Well, keep in mind that anything can be argued before a judge. I'm not a lawyer, and there are no guarantees about what someone could try to charge you with. But, considering that disclaimer, I think you were just fine.
Common carriage is a term used to describe a process whereby you transport people or property for hire AND you express a willingness to do it for more than a very small group (one company for example). The grayest part of this rule is the "willingness" part, but I don't think that even applies in your case. As you know, common carriage is not permitted under part 91, and I guess your concern is whether or not what you were doing was common carriage.
But think about it; common carriage requires carriage. You weren't carrying people, you weren't carrying property, and it sounds like you weren't even landing at a different airport than your point of departure.

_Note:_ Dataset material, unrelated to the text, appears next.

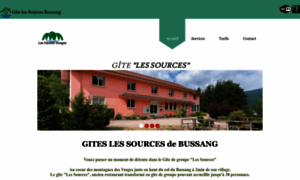 Gite-les-sources-bussang.fr thumbnail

If you were running back and forth between different airports carrying engineers from more than one company on demand, or if you were hauling broken parts for several different companies, that could be common carriage.
You could have even gone so far as to have carried people or parts etc under part 91 as long as it was for just one company and still been perfectly legal- though it is not too common to see a cessna as the biggest part of a corporate flight department, that is exactly what you could have called it. But, it doesn't sound like you were even doing that.
If all you were doing was taking off from one airport, flying circles to relay, then landing at the same airport, I can't see that anyone could possibly have a case against you. I consider myself pretty cautious when it comes to interpretation of common carriage rules, and I would not hesitate at all to do what you are describing, at least from a CoMyA standpoint.